Items listed in a dataset =>
━━━━━━━━━━

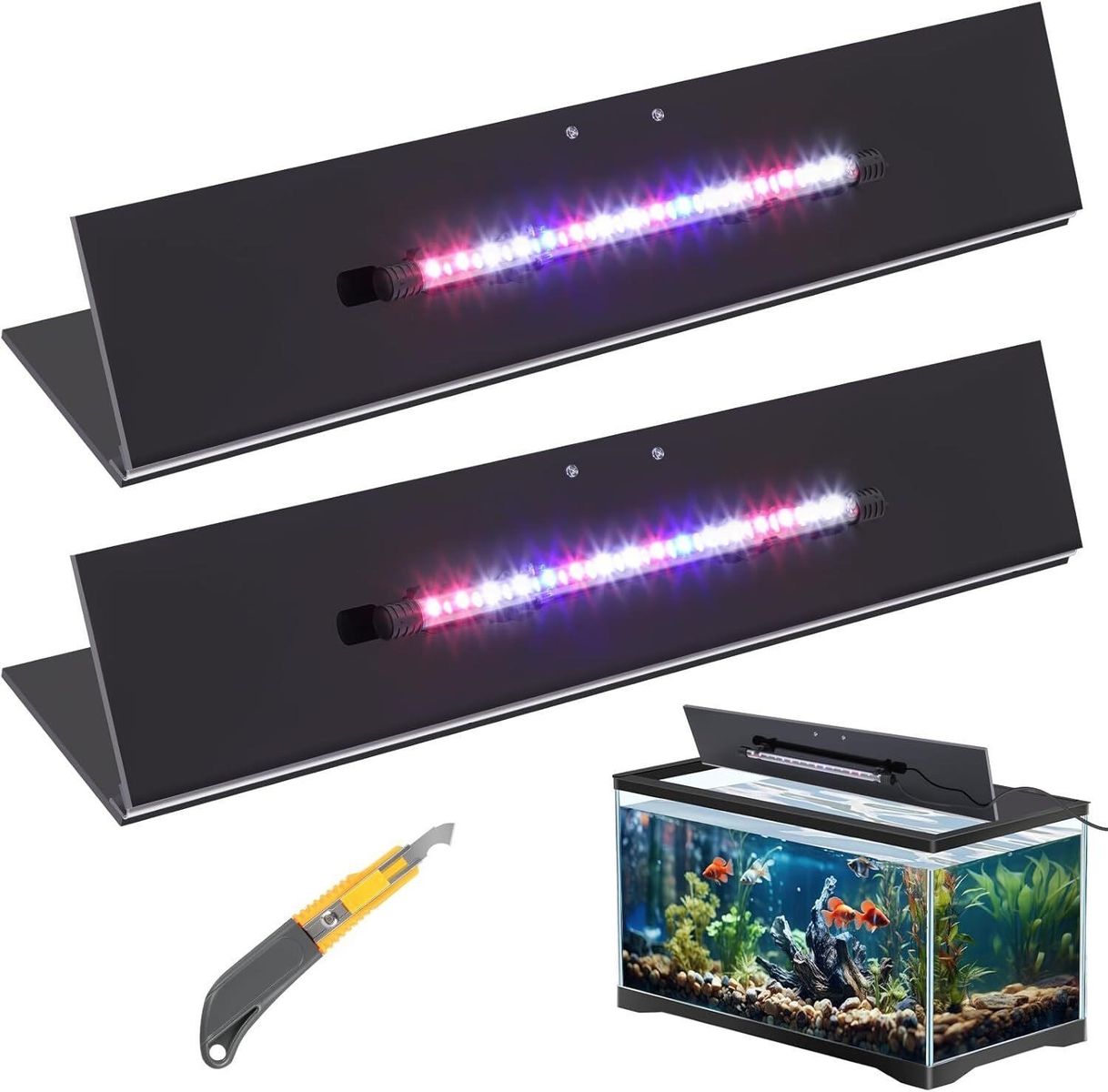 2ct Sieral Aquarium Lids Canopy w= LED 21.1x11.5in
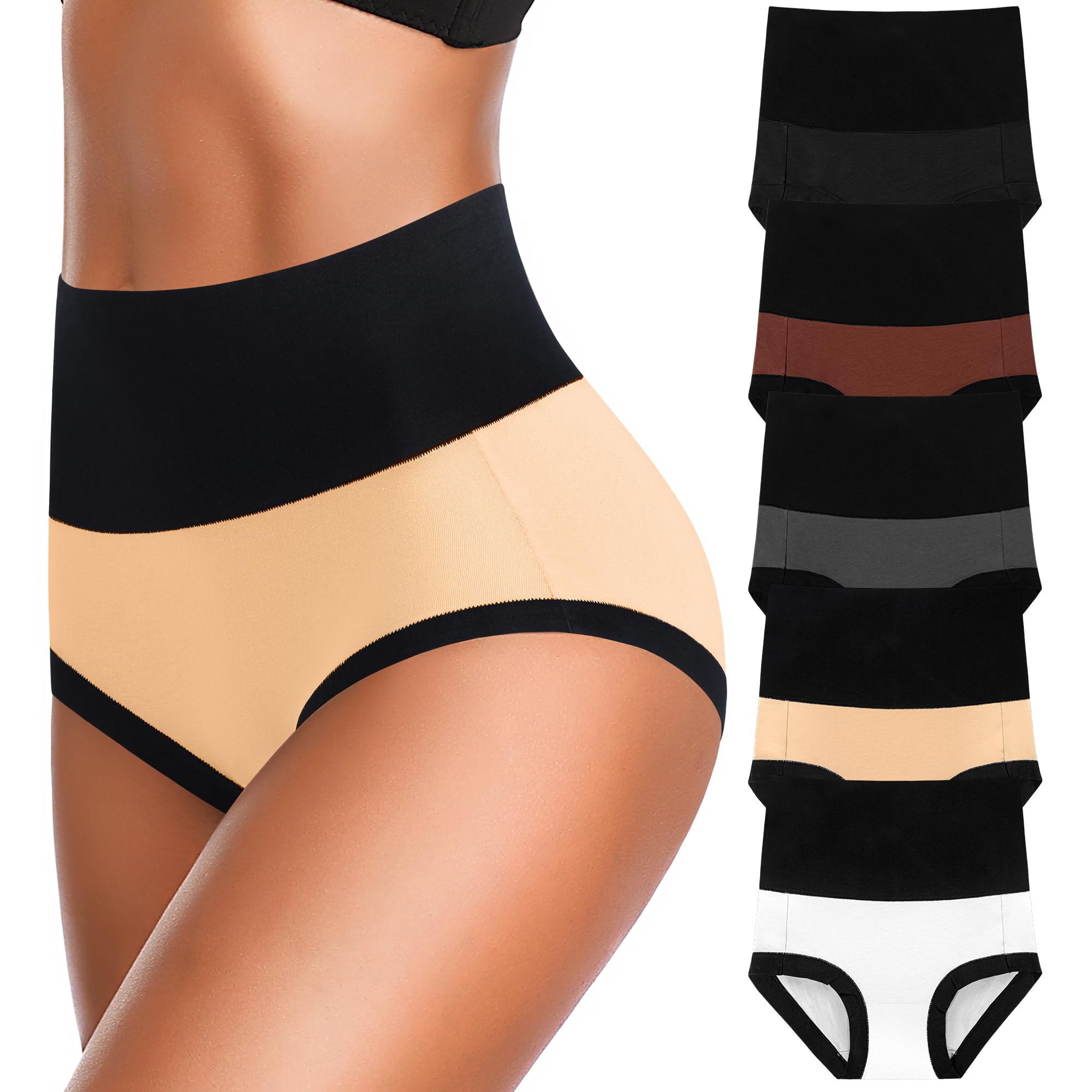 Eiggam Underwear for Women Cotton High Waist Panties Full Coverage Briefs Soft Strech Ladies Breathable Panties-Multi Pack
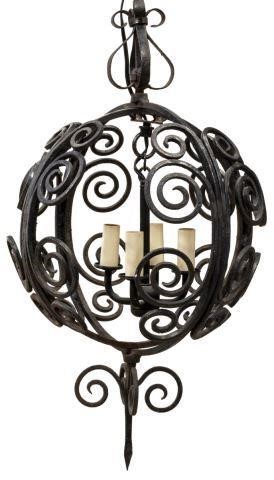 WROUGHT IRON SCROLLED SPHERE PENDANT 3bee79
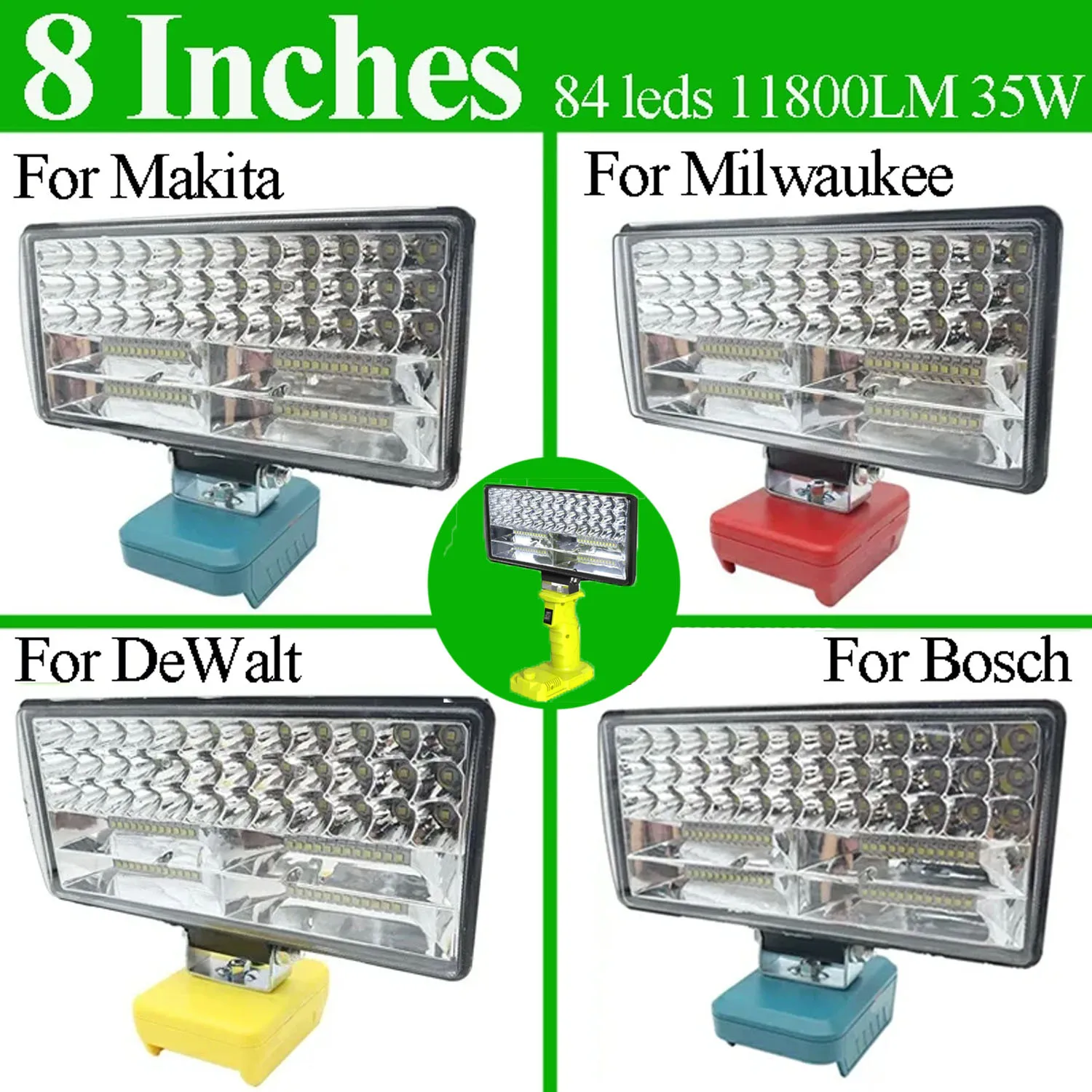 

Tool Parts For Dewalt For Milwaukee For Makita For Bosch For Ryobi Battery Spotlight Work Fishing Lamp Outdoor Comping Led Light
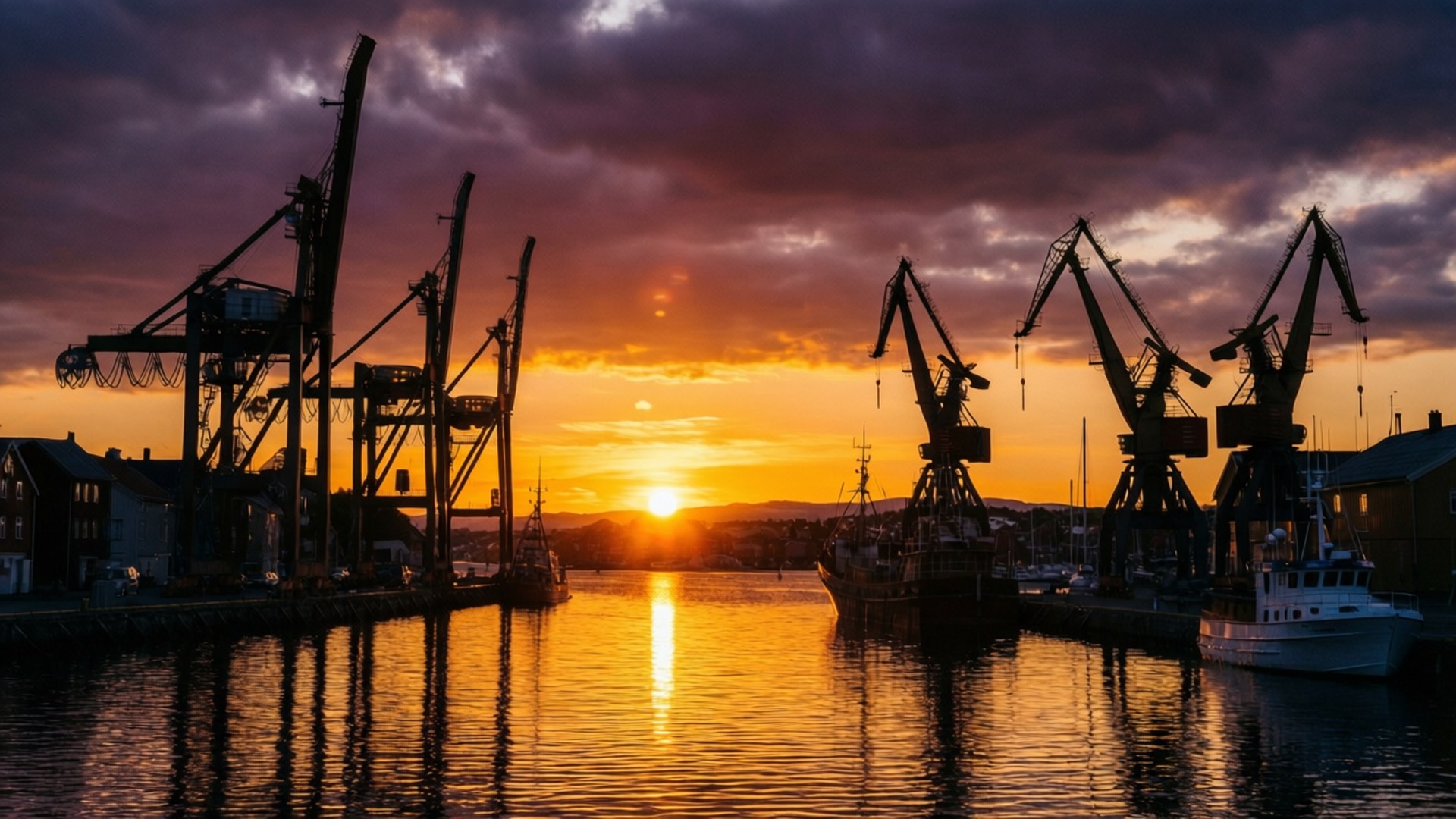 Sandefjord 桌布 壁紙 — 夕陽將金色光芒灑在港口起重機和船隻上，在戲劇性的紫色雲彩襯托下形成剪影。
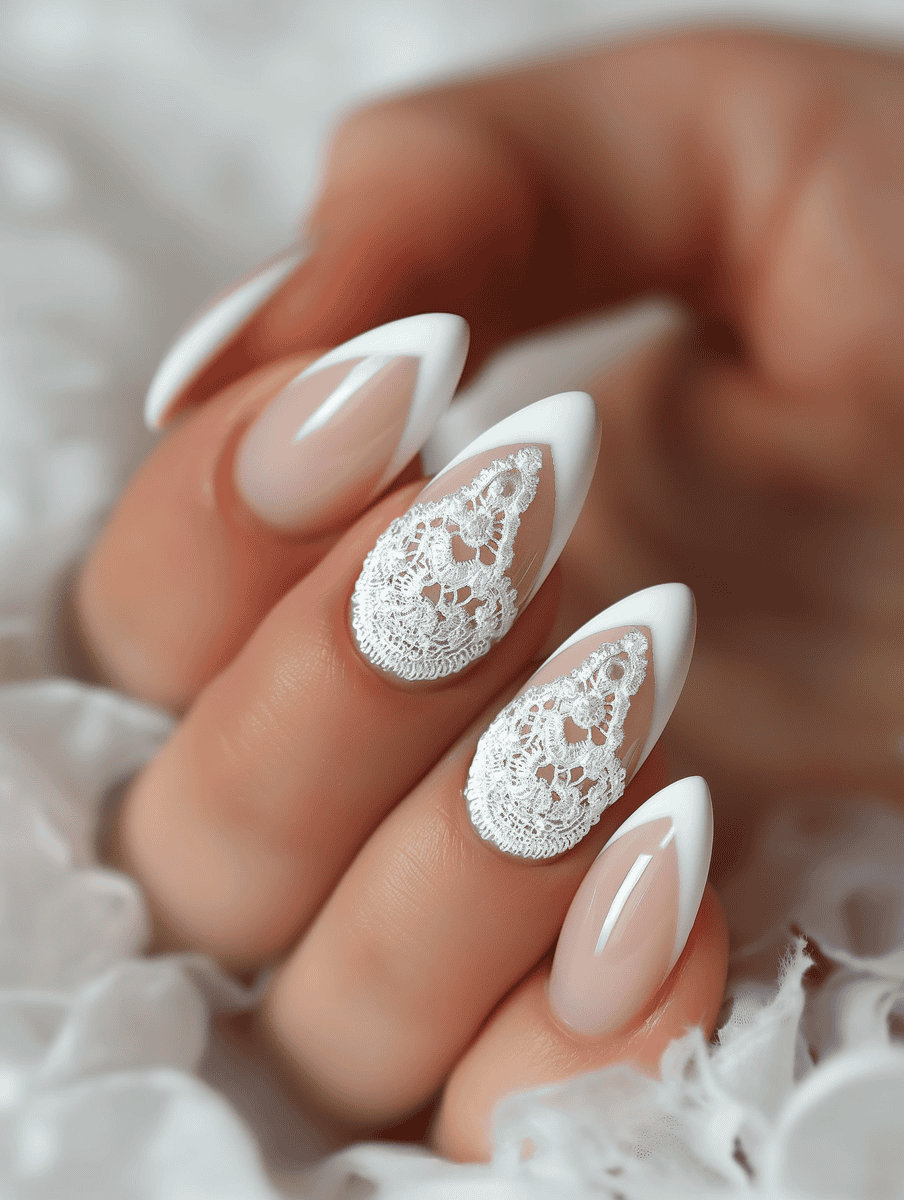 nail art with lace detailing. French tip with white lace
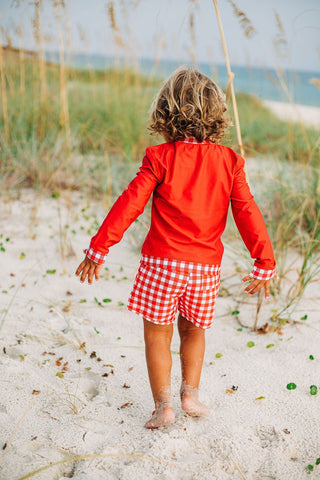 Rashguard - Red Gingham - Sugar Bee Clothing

━━━━━━━━━━

Work item => Could you write out again, exactly, the lines from the line containing "Tool Parts For" through the last line of the records above? Leave out the pictures.

Reply to the task =>
Tool Parts For Dewalt For Milwaukee For Makita For Bosch For Ryobi Battery Spotlight Work Fishing Lamp Outdoor Comping Led Light
 Sandefjord 桌布 壁紙 — 夕陽將金色光芒灑在港口起重機和船隻上，在戲劇性的紫色雲彩襯托下形成剪影。
 nail art with lace detailing. French tip with white lace
 Rashguard - Red Gingham - Sugar Bee Clothing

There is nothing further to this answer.